▶ **The problem**
In the entries below, find the line with "Pokemon Miniature 1.5-Inch" and the line with "An Hour of Romance", then retype both and everything between them exactly. Do not copy the pictures.

▶ **Source data**
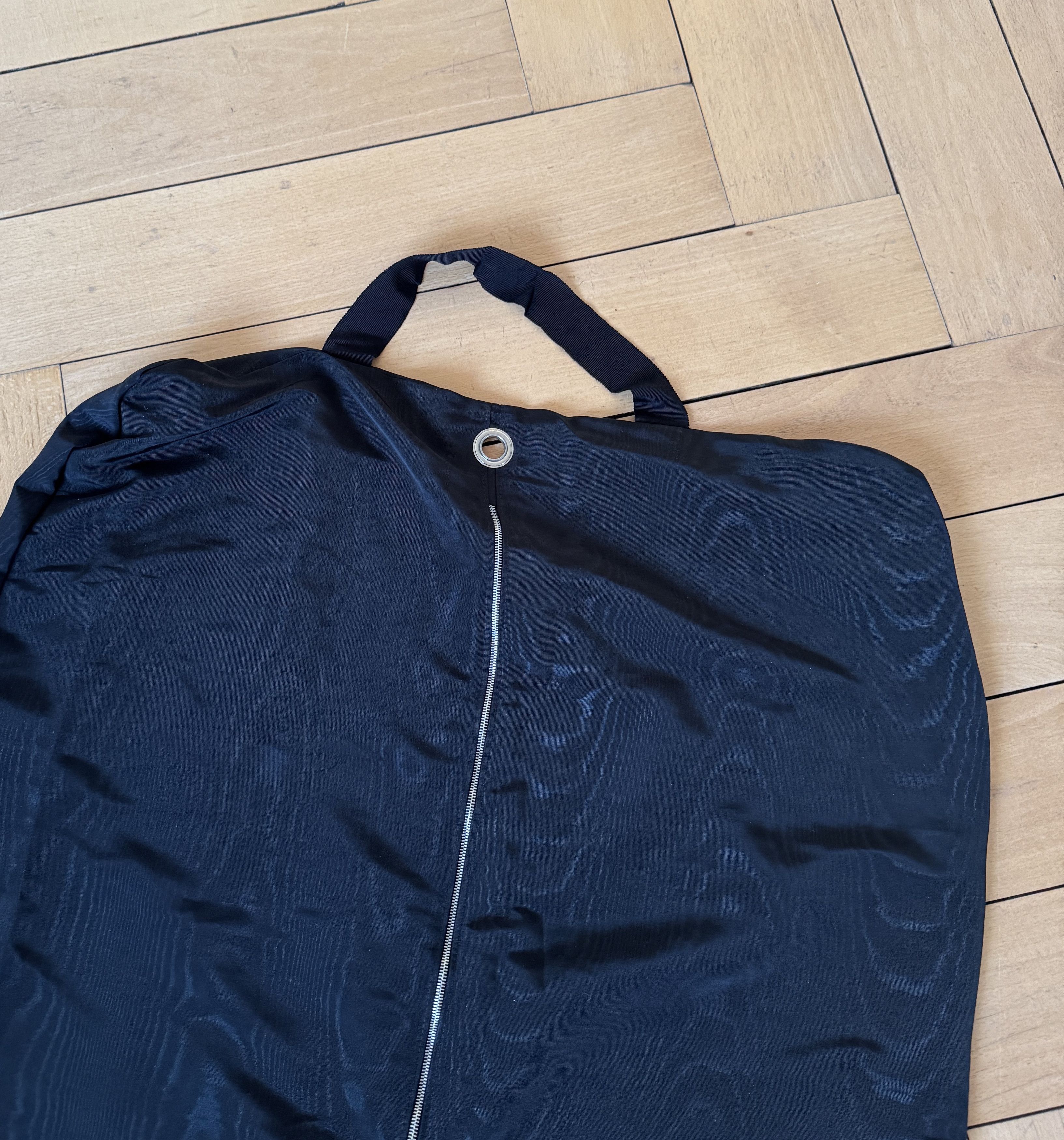Celine × Hedi Slimane Dustbag Suit Coat Jacket Size ONE SIZE - 8 Thumbnail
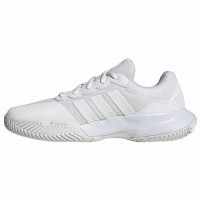 Adidas GameCourt 2 White Women''s Sneakers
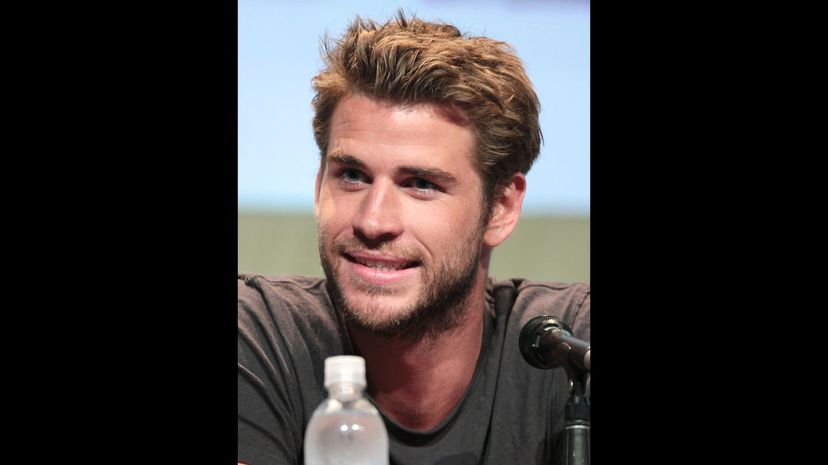 Liam Hemsworth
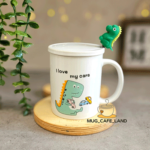 ماگ دایناسور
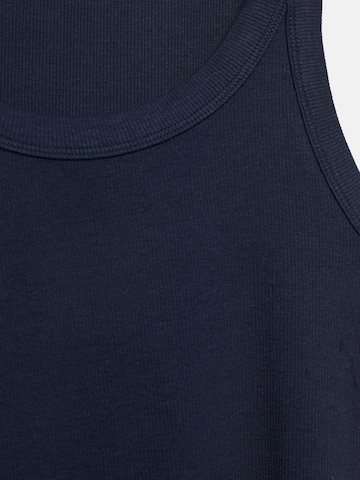 Pull&Bear Top in Blue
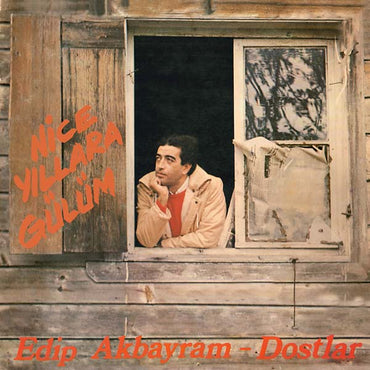 EDIP AKBAYRAM & DOSTLAR - Nice Yillara Gulum [CD] (ONLINE ORDER ONLY)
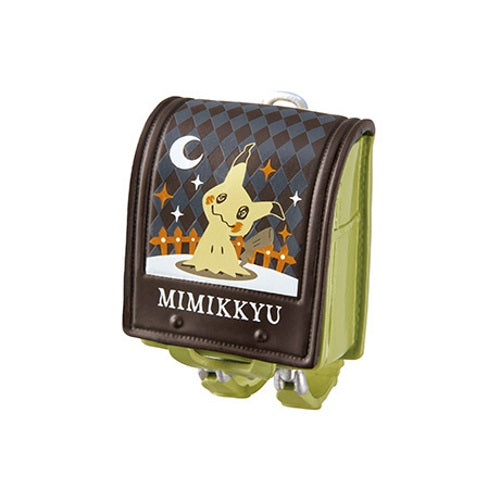 Pokemon Miniature 1.5-Inch School Bag Vol 2 Re-ment Collectible Toy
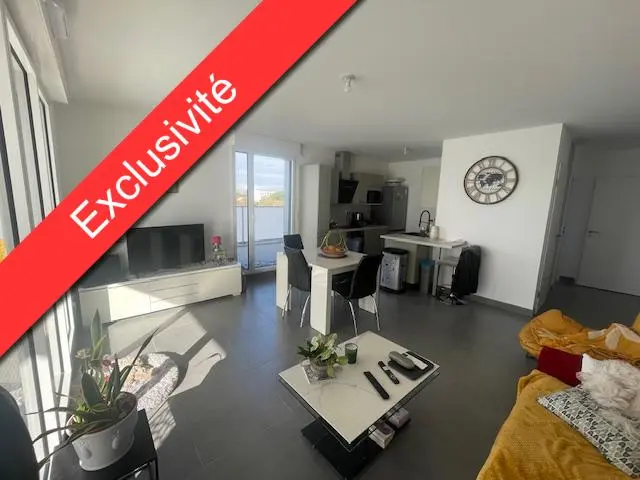 Photo 1 Appartement 4 pièces 75.15m²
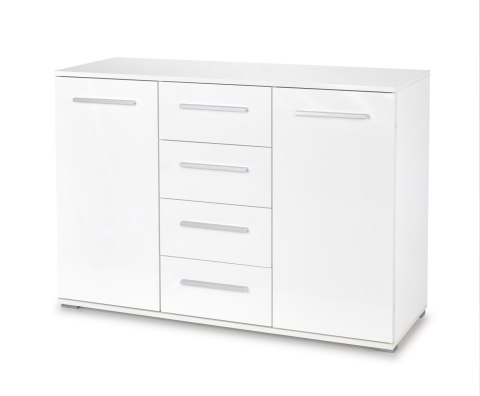 LIMA KM-4 komoda biały LIMA KM-4 komoda biały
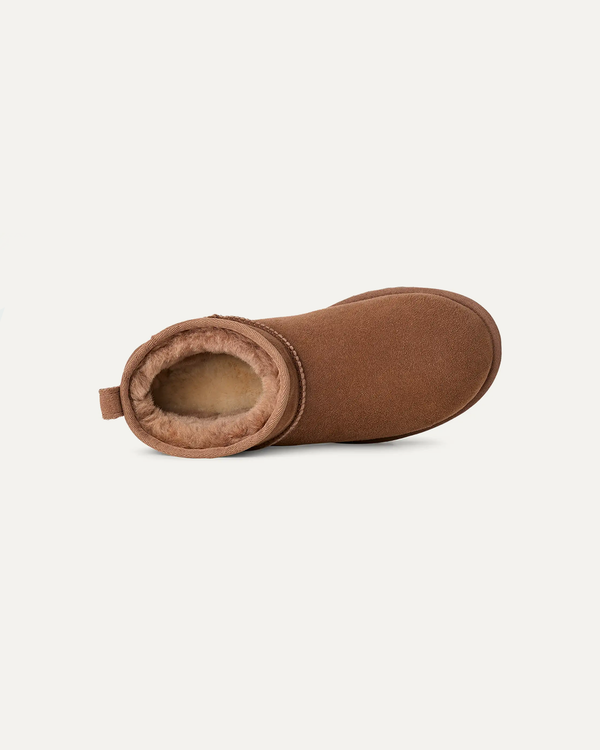 Classic Ultra Mini til damer – Mørk indigo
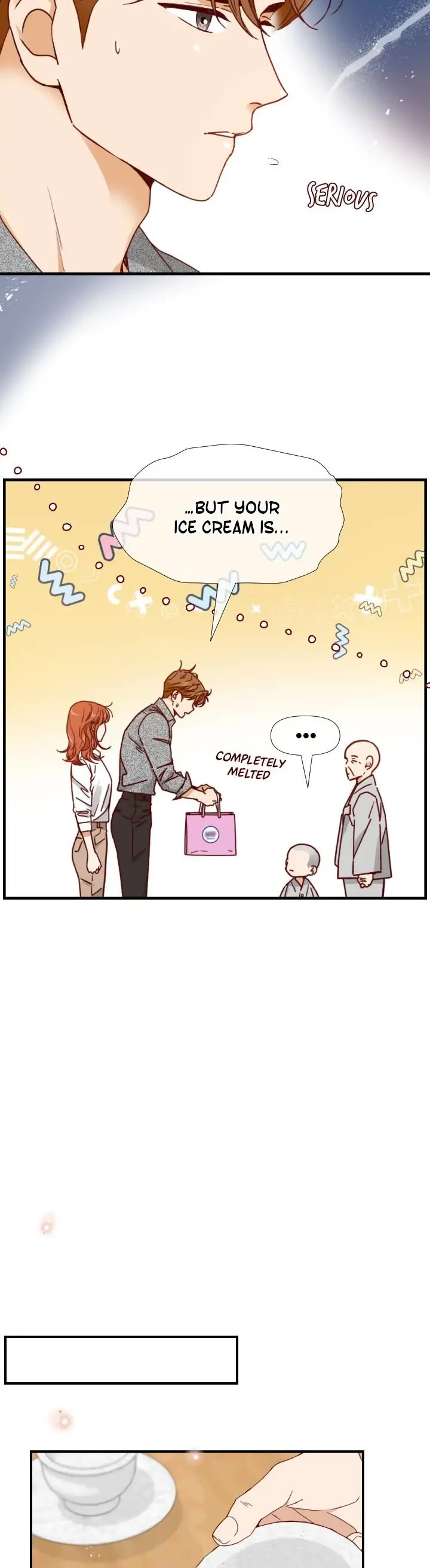 An Hour of Romance Chapter 159 page 12 - Chapter 159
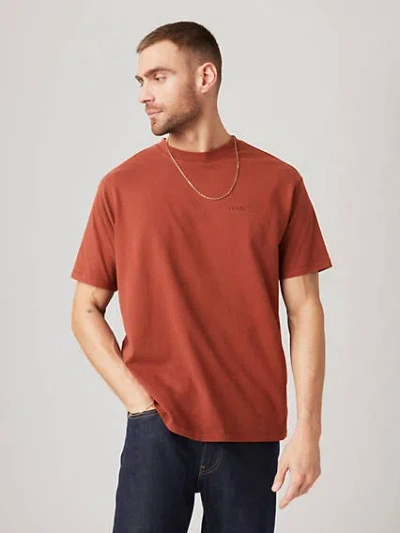 Levi's Red Tab Vintage T-shirt In Autmn Glaze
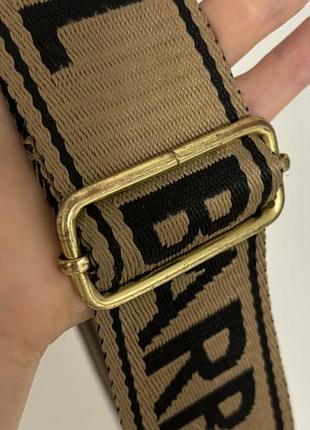 Barbour international quilted sloane crossbody 4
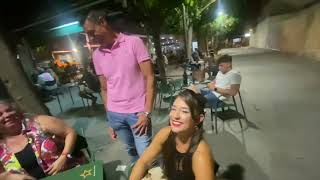 Summer in the City (Noche de fiesta en Murcia en Agosto)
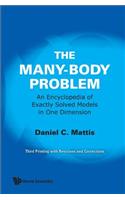 Many-Body Problem, The: An Encyclopedia of Exactly Solved Models in One Dimension (3rd Printing with Revisions and Corrections)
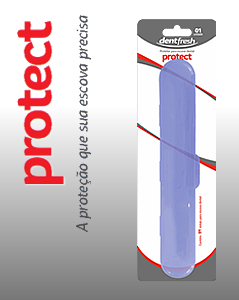 Protect – Protetor para escova dental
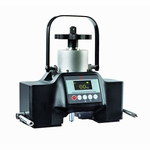 Portable digital magnetic Brinell hardnesst tester 187,5 kg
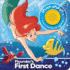 Disney Princess Little Mermaid Ariel-Flounder's First Dance! Sound Book-Pi Kids (Play-a-Sound)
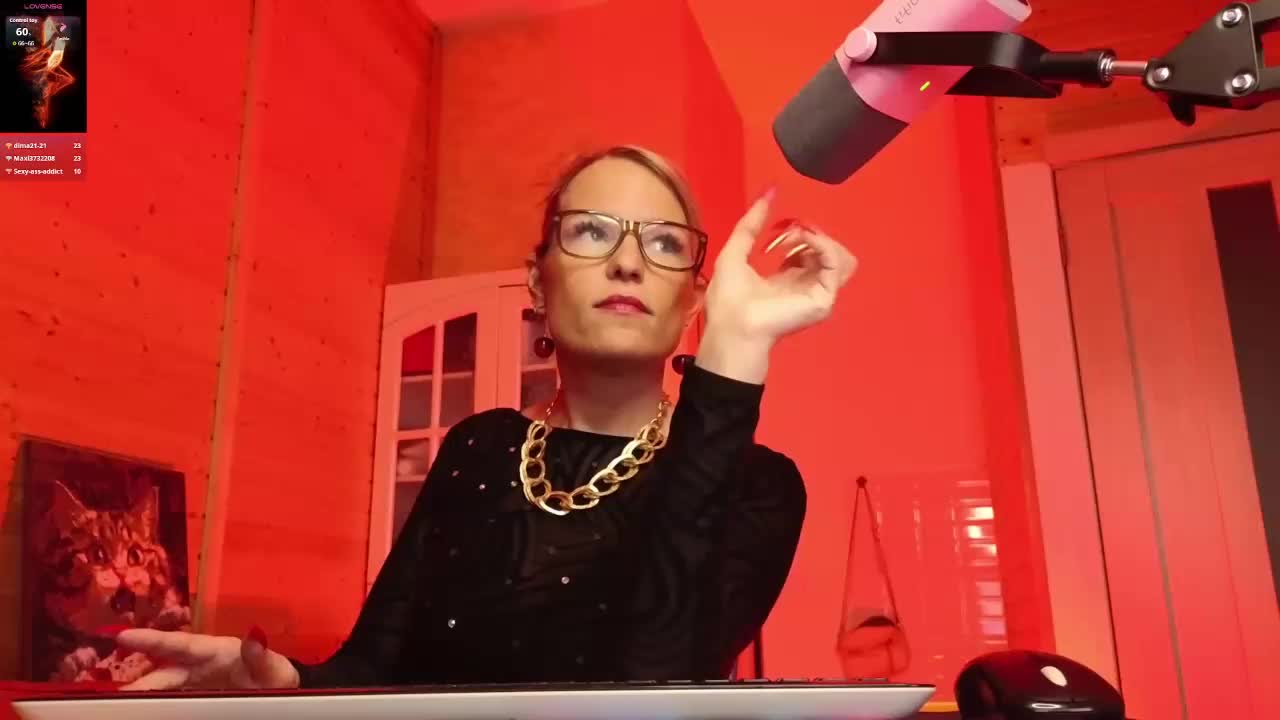 Findom_Lady_Shine Adult Chat April 11, 2026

▶ **Solution to this task**
 Pokemon Miniature 1.5-Inch School Bag Vol 2 Re-ment Collectible Toy
 Photo 1 Appartement 4 pièces 75.15m²
 LIMA KM-4 komoda biały LIMA KM-4 komoda biały
 Classic Ultra Mini til damer – Mørk indigo
 An Hour of Romance Chapter 159 page 12 - Chapter 159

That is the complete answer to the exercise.